Huzzah! Share price rallies from $4.00 back up to $4.80, a level it maintains for a week as the sector in general swooned.
Pundits impressed!
I absolutely love what @FlowrCanada mgmt did here!
Filed their final short form prospectus mid-day yesterday.
Stock then plummeted on anon volume.
Then next morning (today) mgmt pulls the deal, creating a squeeze.
Can’t make this stuff up !! $FLWR cc: @OSC_News https://t.co/GyP8h4mWgx pic.twitter.com/LwNQBpHIBv
— Kelly Brown (@rubiconcapital_) July 19, 2019
A great day and a return to investor sentiment oh god they’re going to fuck it all up again, aren’t they?
The Flowr Corp. has entered into an agreement with a syndicate of underwriters led by GMP Securities LP, pursuant to which the underwriters have agreed to purchase, on a bought deal basis, pursuant to the filing of a short form prospectus, an aggregate of 10.61 million units of the company, at a price of $4.10 per unit for aggregate gross proceeds to Flowr of $43,501,000.

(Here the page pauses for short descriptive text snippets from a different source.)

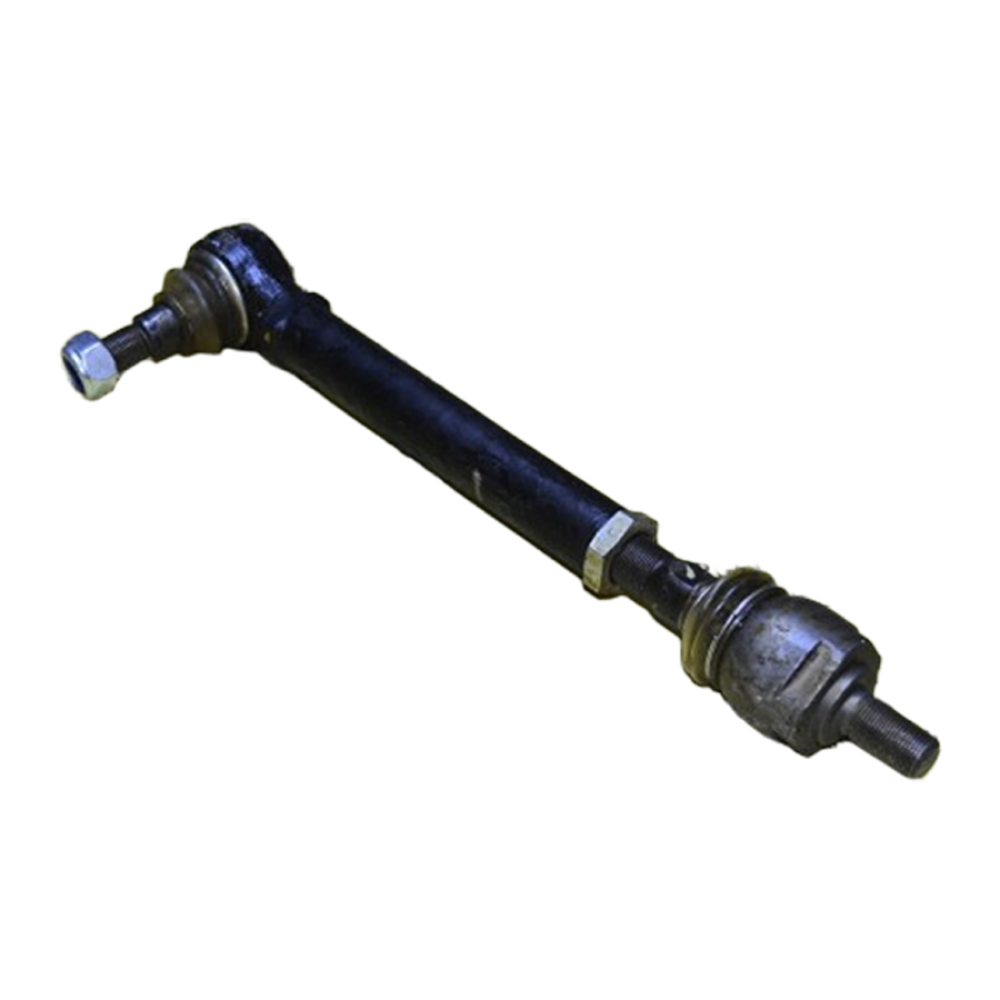 145481 Рулевая тяга CARRARO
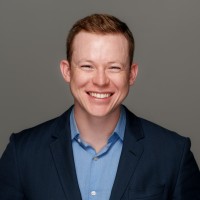 Michael Mason Email & Phone Number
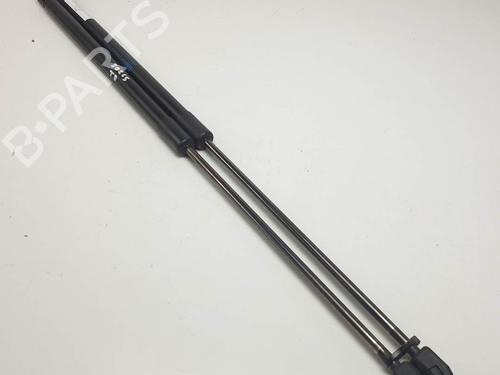 tailgate-lift-support-opel-corsa-d-s07-2006-2007-2008-2009-2010-2011-2012-2013-2014-2015-26171124 main image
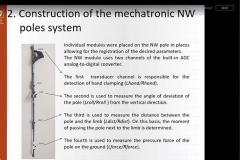 Konferencja Mechatronic Systems and Materials (MSM2020)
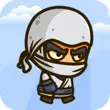 Ninja Saga APK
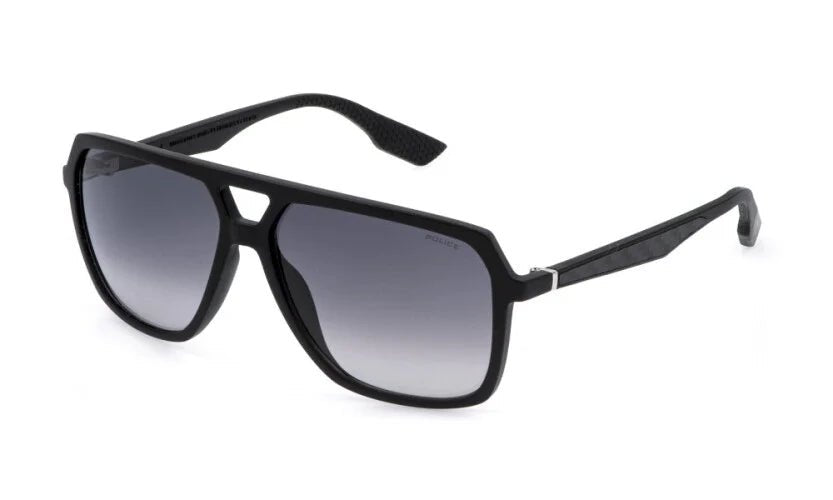 POLICE SPLR50M New Crossroads -POLICE Sunglasses- Optivision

$4.10 was more than $0.70 per share below the closing price of the previous day.
Why does Flowr need $43m raised at nigh half the share price the company enjoyed less than a month ago?
The company intends to use the net proceeds from the offering to finance, in part, its acquisition of the approximately 80-per-cent equity interest of Holigen Holdings Ltd. that it does not already own, working capital required for the construction and development of certain of Holigen’s and the company’s cultivation and production facilities, and for general corporate purposes.
They’re still into that deal, only now they’re paying a higher price for it, getting less, and shredding their share price once again.
How’d that stock end the day?
$4.00.
$FLWR $FLWR.v
Bought deal, no bought deal, bought deal…How is this even legal???? @IIROCinfo
— Seb Tarte (@seb_tarte) July 22, 2019
Remember, when they started this journey, the offering was $7.10. Less than a month later, the company has nothing to show for its moves except a self-slashed share price close to half what it was.
$FLWR Man oh man, it simply doesn’t get much worse than this. Announce a “priced in the context of the mkt” deal at $7.10, let the shorts destroy you, cxl the deal and then do the raise at $4.10 with a 1/2 warrant? BRUTAL>NO POSITION. pic.twitter.com/7ANteAxUkU
— Robert (@theHallowedgold) July 22, 2019
When a raise is announced at less then the market price, investors will often sell their stock so they can rebuy it cheaper. In fact, they’ll often do that if the offering and the stock are level, because they’ll receive warrants in the financing, which can bring a second bite at profits down the line.
For that reason, companies are usually careful with where, and when, and how they announce these deals.
Flowr is so convinced what they’re buying is incredible, they’re prepared to burn down the house to get it. But the markets aren’t seeing that value. What they are seeing, now more than ever, is a downward trajectory and just a little desperation.
Which would explain their recent discussions of a possible NASDAQ uplist… good grief.
If they’re going to complete than Holigen deal, they’re going to need a lot more finance/paper out there than this deal permits, and this deal is already killing them.
Careful now.
— Chris Parry
FULL DISCLOSURE: No dog in the fight.